I would say you’re even better served just having a pH meter than the ability to titrate and measure TA.

As far as how to add the acid so that it’ll dissolve and distribute well into your containers: Dissolve first, then distribute. Measure out the total grams of acid you’d like to add to your wine. Dissolve it completely in a small amount of wine, then distribute that wine back into your container by pouring and stirring well. For a barrel, you could even do a preliminary dissolve in a one-gallon (3.8-L) container, then add that to a 5-gallon (19-L) bucket of wine removed from the barrel, stir that and then carefully pour the 5-gallon (19-L) bucket back into the barrel. After stirring the barrel, it’s very likely the acid will be very well distributed into the wine.
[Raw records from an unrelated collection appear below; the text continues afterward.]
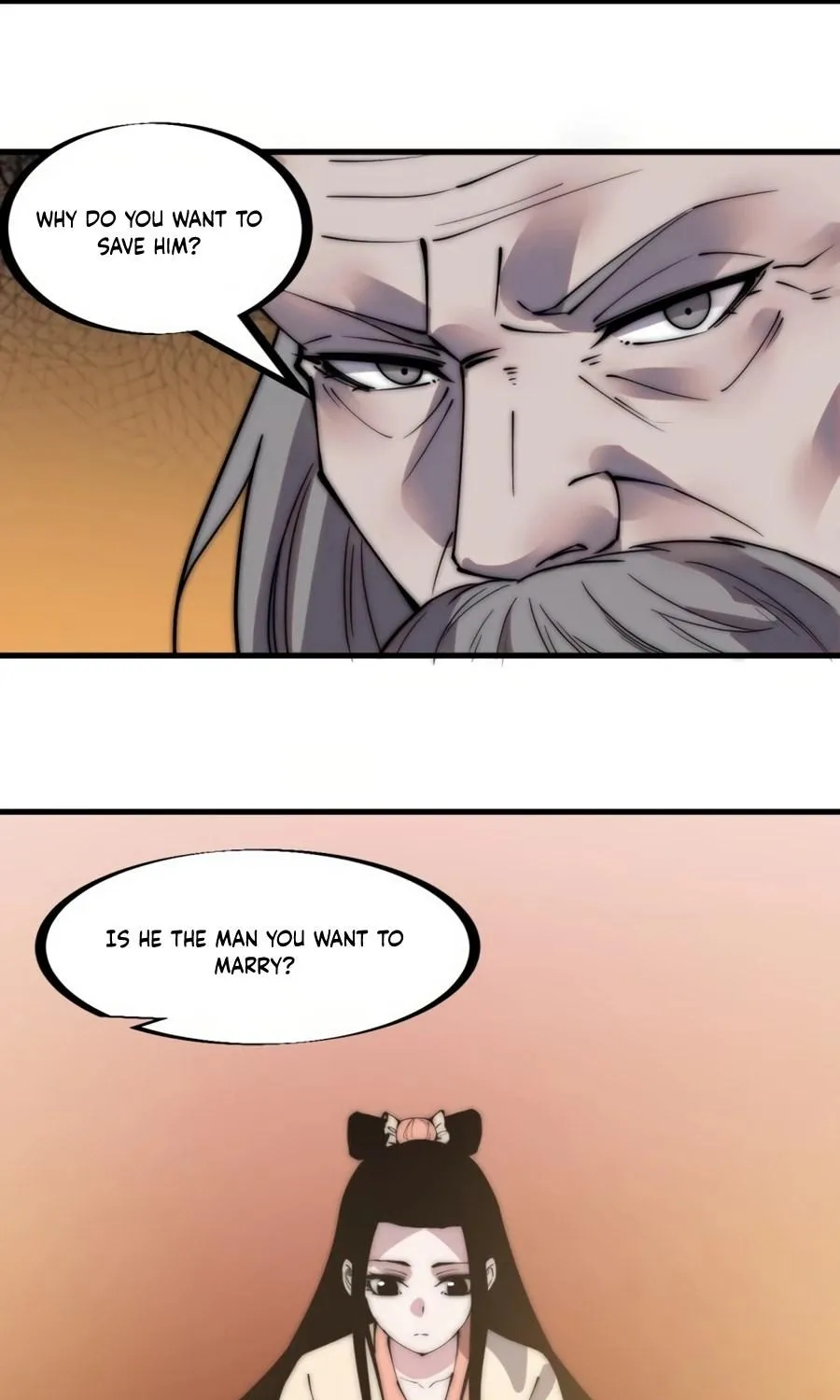 Read Start A Mountain chapter 224 image 36 on Lezhin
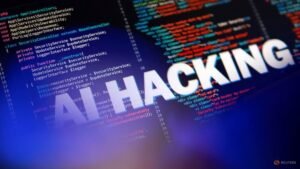 Five ways to keep safe online in the wake of AI-supercharged hacking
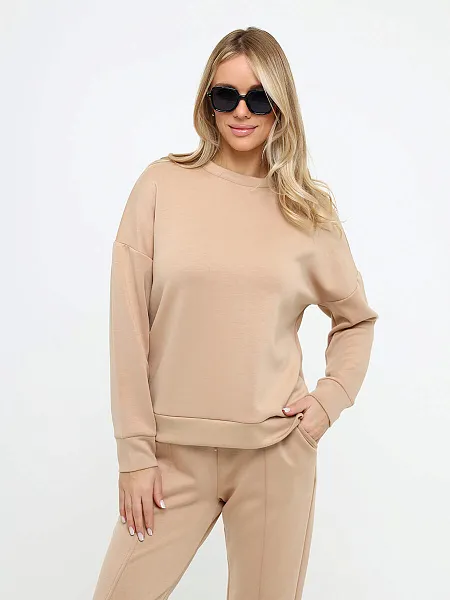 Комплект (свитшот+брюки) KA17579-08 KA17579-08 | 4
It’s best to treat each storage vessel separately, as its own individual container. Let’s say you have a 59-gallon (225-L) barrel and a 5-gallon (19-L) topping keg and you wish to take each down to a pH of 3.60. Measure out the acid addition needed for the barrel, dissolve, and add it to the barrel. Then measure out the acid needed for the keg, dissolve it, and then add to the keg. If you measure out the acid needed for 59 + 5 (i.e. 64 gallons/242 L), then dissolve it into a small amount of wine, then try to distribute that liquid proportionately among the two containers, unless you do your concentration and volume math perfectly, you might risk adding differing concentrations of acid to each vessel.

Response by Alison Crowe.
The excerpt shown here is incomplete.